Following Plotinus, Porphyry identified four kinds of virtue: civil life, purification, contemplation and exemplary. Each is fit for an appropriate grade of life:
'There is a difference between the virtues of the citizen; those of the one who attempts to rise to contemplation, and who, on this account, is said to be contemplative; those of the one who does contemplate perfectly; and finally those of the pure Intelligence, which is completely separated from soul'.
Each virtue befits a level of awareness:
'The objects (skopoi), differ with the kind of virtues. The object of the civil virtues is to moderate our passions to conform withthe activities of human nature. That of the purificatory virtues is to detach the soul completely from the passions. That of the contemplative virtues is to apply the soul to intellectual activities, even to the extent of no longer having to think of the need of freeing oneself from the passions.... The exemplary virtues reside within intelligence'.
During his time with Longinus, Porphyry developed his skill for literary criticism - 'critic' (kritikos) was a title of professional recognition. What is the meaning of a literary account? How are we to understand it? Does it refer to concrete or symbolic events? The last question was the more problematic because it opens wide the field of interpretation and links literature to the representational arts. The question then arises whether the creation of an artist (poits) reflects truth or somehow misleads. Put in a Platonic context, do artists (in literature, sculpture, drawing) use artistic images as representations and 'imitations' of intangible truths, or do they exercise their artistic ''licence' (exousia) without regard for truth, and so present distortions and falsehoods?
Porphyry showed his 'critical' skill both negatively (to prove that some Gnostic and Christian holy books were recent forgeries) and positively (notably the allegorizing of Homer's Odyssey and the Cave of Nymphs). Building on a tradition that can be traced to Numenius (a second-century ad Platonist, who anticipated Plotinus and Iamblichus), Porphyry interpreted the Homeric hero as the human soul. The hero's journey is an allegory for the journey of the soul through life with the attendant travails and terrors: the process of psychological internalization. Poetic descriptions of the lands, dwellings and temples the hero visits, and of the people and wondrous creature he encounters, can be interpreted on many levels according to the Neoplatonic levels of knowledge and being.

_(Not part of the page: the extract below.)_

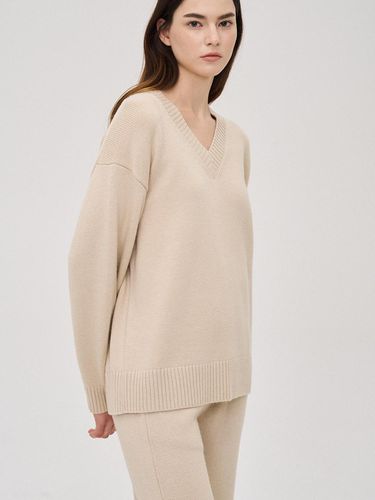 V-neck Loose Fit Knit Top - SJYP - Modalova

Works of literature and art are not just for entertainment or purging the emotions. They may point to truths about knowledge and being, just as language mediates reality. Thus literary theory (and aesthetics) becomes part of the philosopher's purview.
As the editor and publicist of the Enneads, Porphyry ensured the dissemination of Plotinian thought. Although he expanded the emerging Neoplatonic metaphysics, in this he remained in his master's shadow. This Plotinian-Porphyrian theological Neoplatonism can be seen in Augustine and his followers in the Latin West.
Porphyry shone independently, however, in his work on Aristotle and logic. He is the pivotal figure among the Aristotle Commentators, rescuing Aristotelian studies from total obscurity and securing their place in post-Plotinian philosophy. It is this new, broader Neoplatonism we find in Boethius, and it is this which gave rise to medieval scholasticism and so-called Aristotelianism (see Aristotelianism, medieval; Aristotelianism, Renaissance). On the Greek side, both Porphyry and Aristotle became part of the Iamblichean Neoplatonism and were enshrined in the curriculum that lasted for centuries. In the Latin West, we may trace the influence of Porphyry's Isagog both to autonomous logical theory (see, for example, the work of Shyreswood and William of Ockham), and to the debate on nominalism and realism (see Abelard). We may also profitably reflect on Porphyry's contribution to the problem of sense and reference.